Your objective —
The lines below from the one with "Saint Laurent Monogram" up to and including the one with "Pirozhki au chou" are what you should set down, exactly and without pictures.

Records to process —
________________________________________

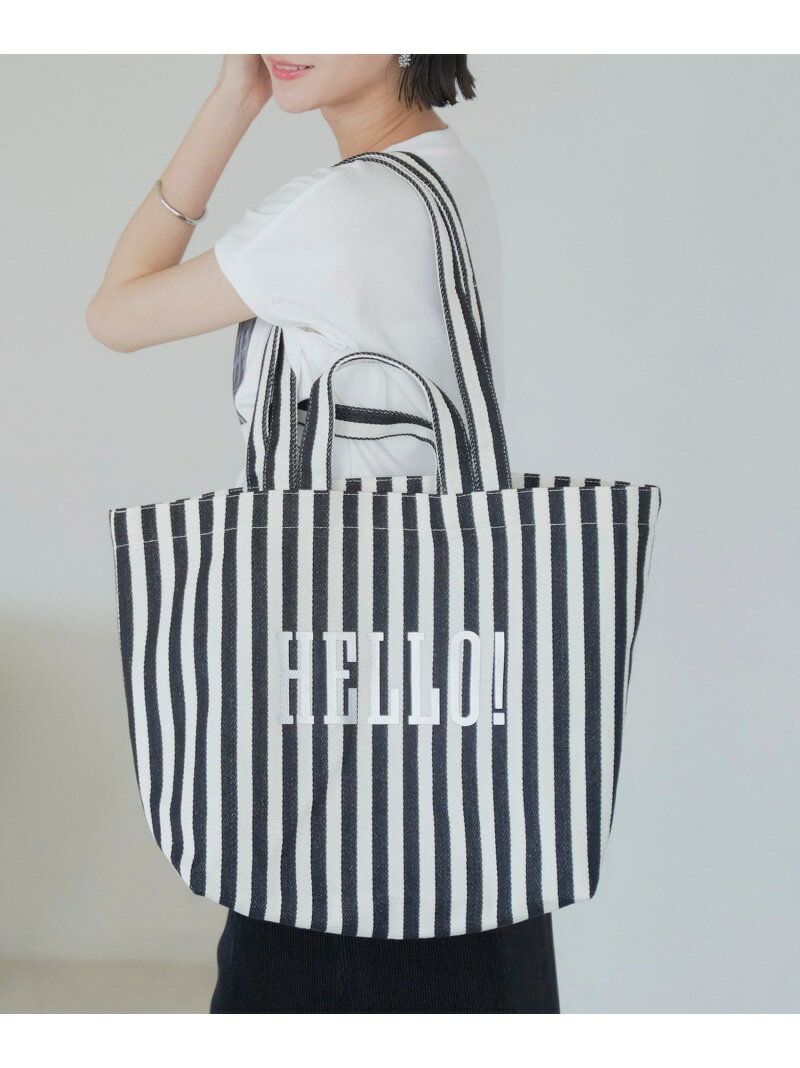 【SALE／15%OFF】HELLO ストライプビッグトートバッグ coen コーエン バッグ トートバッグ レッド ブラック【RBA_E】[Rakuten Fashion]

________________________________________

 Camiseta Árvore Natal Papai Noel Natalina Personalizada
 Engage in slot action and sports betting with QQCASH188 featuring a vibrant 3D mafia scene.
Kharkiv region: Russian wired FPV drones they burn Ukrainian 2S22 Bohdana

________________________________________

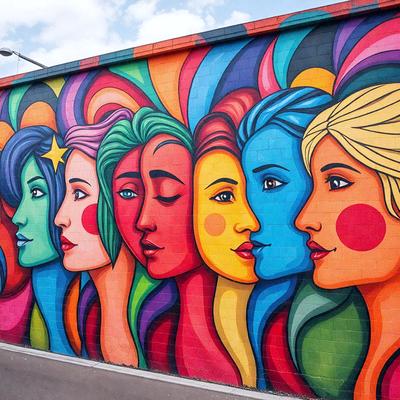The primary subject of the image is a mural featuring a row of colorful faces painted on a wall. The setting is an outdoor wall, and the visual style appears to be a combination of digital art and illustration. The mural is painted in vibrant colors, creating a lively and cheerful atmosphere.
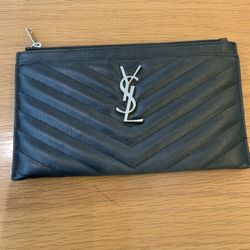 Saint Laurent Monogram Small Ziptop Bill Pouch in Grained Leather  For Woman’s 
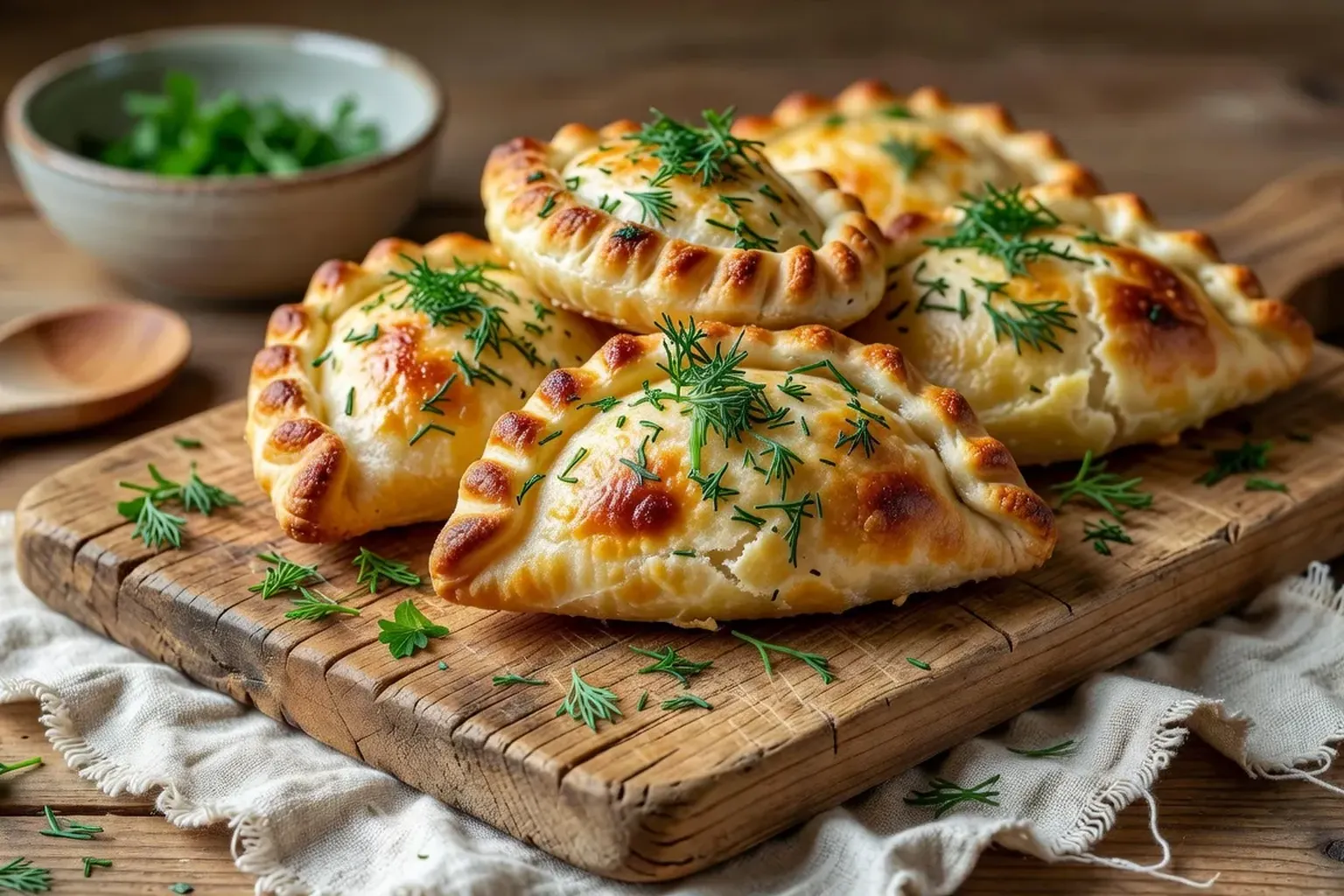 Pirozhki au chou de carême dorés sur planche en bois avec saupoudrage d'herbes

________________________________________

Result of this exercise —
 Saint Laurent Monogram Small Ziptop Bill Pouch in Grained Leather  For Woman’s 
 Pirozhki au chou de carême dorés sur planche en bois avec saupoudrage d'herbes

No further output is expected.